DATASET RECORDS:
•••••
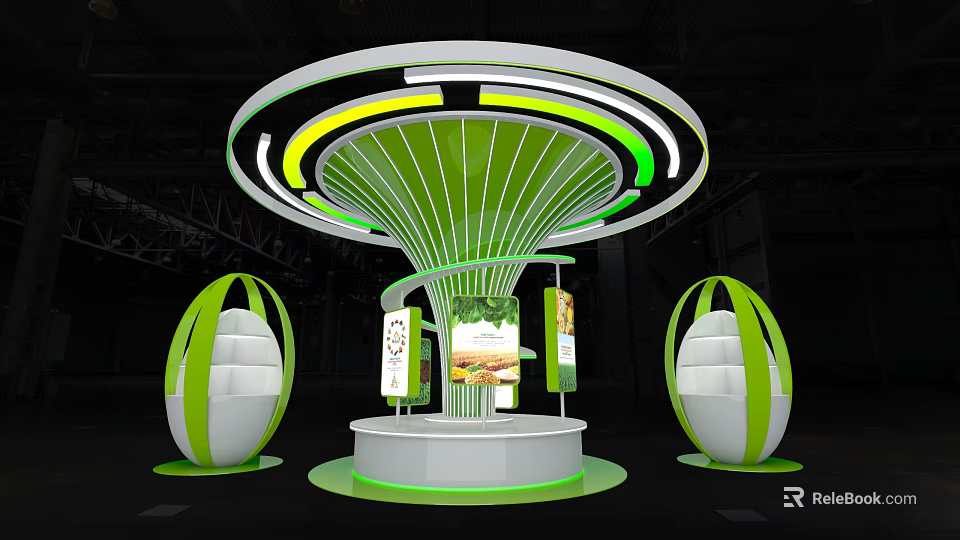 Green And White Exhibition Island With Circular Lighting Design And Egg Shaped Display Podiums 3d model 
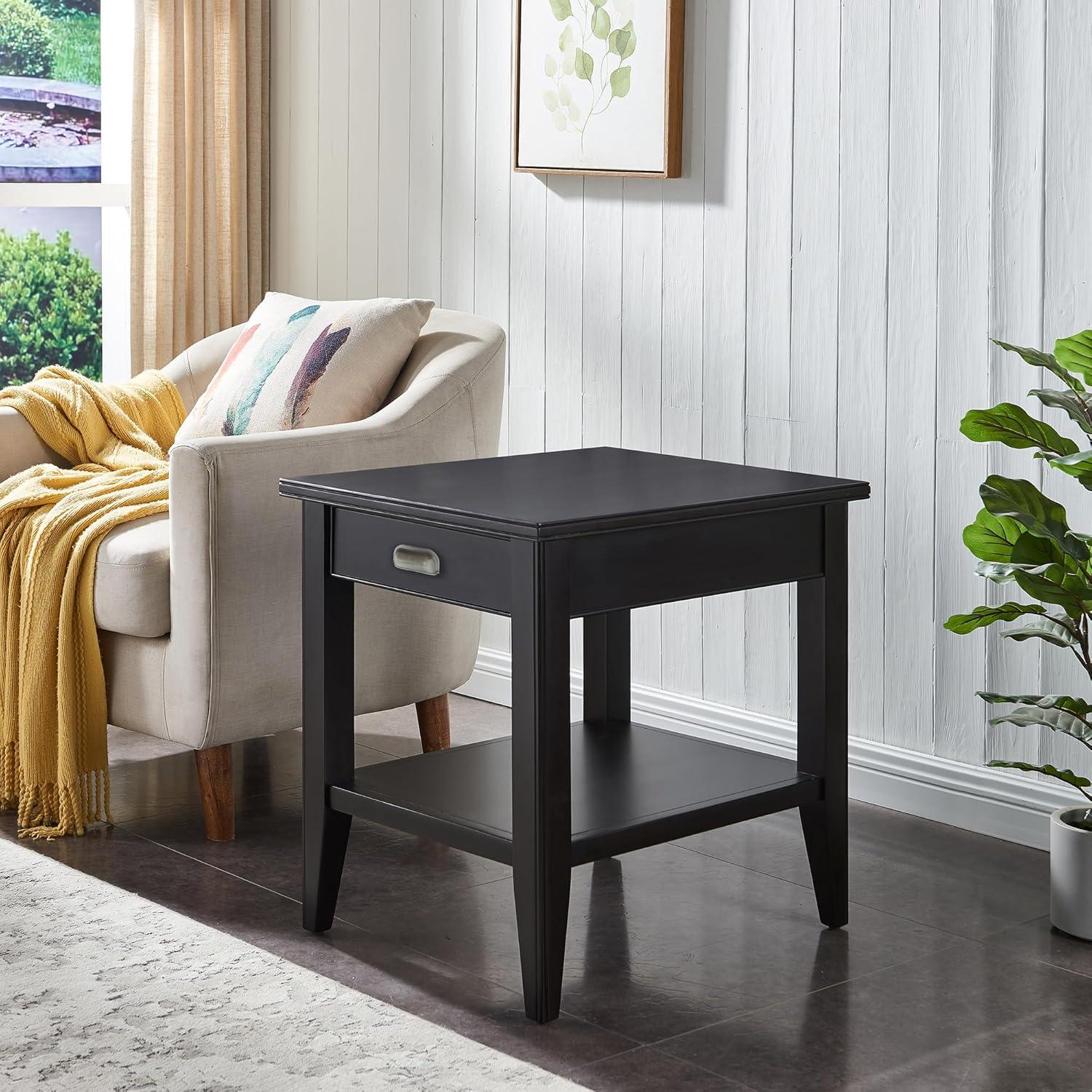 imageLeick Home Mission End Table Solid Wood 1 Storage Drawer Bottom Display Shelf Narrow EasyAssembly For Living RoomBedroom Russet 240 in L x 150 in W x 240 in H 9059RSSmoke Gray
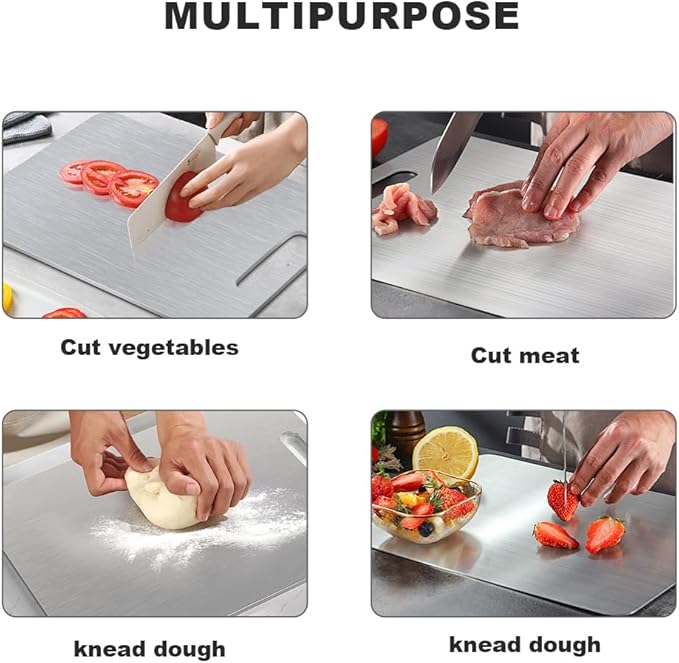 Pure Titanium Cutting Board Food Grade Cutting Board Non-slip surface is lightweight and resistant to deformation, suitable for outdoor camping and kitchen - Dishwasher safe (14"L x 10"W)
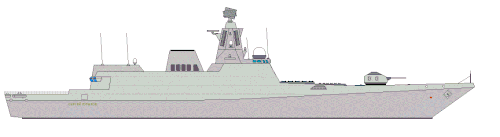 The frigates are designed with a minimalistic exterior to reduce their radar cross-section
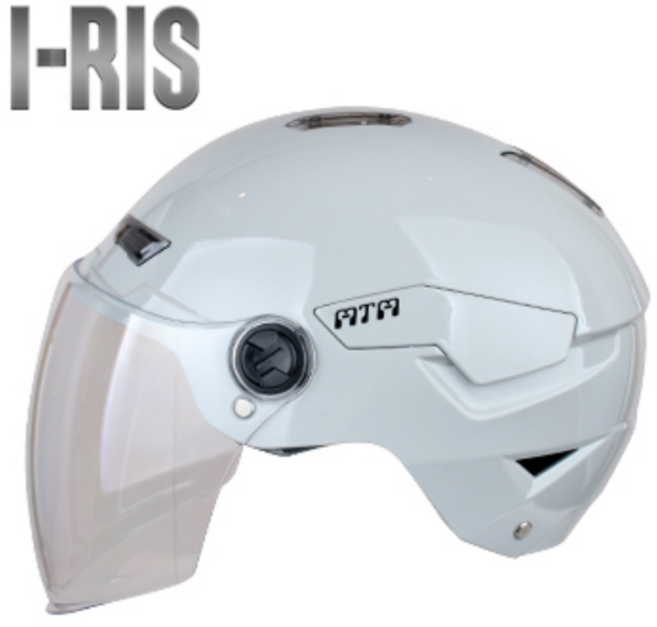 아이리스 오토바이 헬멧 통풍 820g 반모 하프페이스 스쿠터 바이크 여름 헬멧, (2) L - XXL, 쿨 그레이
•••••
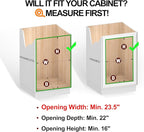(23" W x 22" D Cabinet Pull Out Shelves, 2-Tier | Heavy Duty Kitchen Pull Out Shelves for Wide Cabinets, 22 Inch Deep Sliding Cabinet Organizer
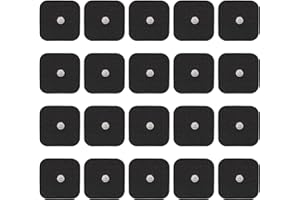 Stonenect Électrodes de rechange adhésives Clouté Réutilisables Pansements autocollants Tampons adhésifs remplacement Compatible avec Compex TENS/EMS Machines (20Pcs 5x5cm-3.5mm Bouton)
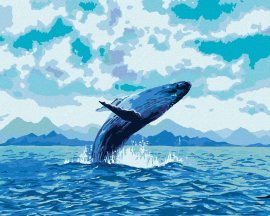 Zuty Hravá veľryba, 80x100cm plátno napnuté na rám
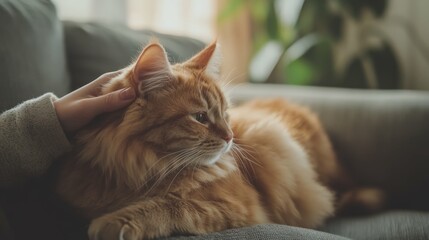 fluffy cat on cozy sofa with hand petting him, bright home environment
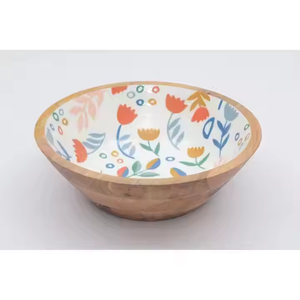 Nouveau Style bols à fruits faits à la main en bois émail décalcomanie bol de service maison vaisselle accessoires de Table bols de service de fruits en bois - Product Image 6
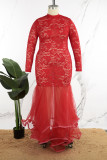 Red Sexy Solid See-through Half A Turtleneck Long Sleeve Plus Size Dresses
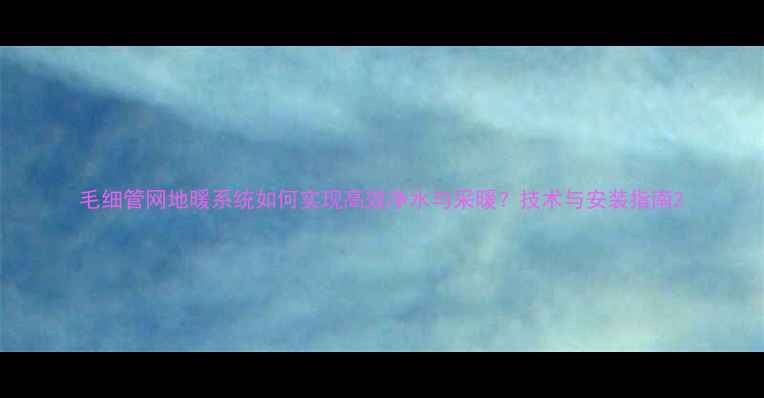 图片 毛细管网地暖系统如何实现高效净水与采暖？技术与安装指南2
•••••
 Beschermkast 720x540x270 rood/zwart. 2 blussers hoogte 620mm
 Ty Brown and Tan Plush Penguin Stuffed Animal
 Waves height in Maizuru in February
•••••
Using the data above, retype exactly the lines from the line with "fluffy cat on" to the line with "图片 毛细管网地暖系统如何实现高效净水与采暖？技术与安装指南2", inclusive. No pictures and nothing else.

 fluffy cat on cozy sofa with hand petting him, bright home environment
 Nouveau Style bols à fruits faits à la main en bois émail décalcomanie bol de service maison vaisselle accessoires de Table bols de service de fruits en bois - Product Image 6
 Red Sexy Solid See-through Half A Turtleneck Long Sleeve Plus Size Dresses
 图片 毛细管网地暖系统如何实现高效净水与采暖？技术与安装指南2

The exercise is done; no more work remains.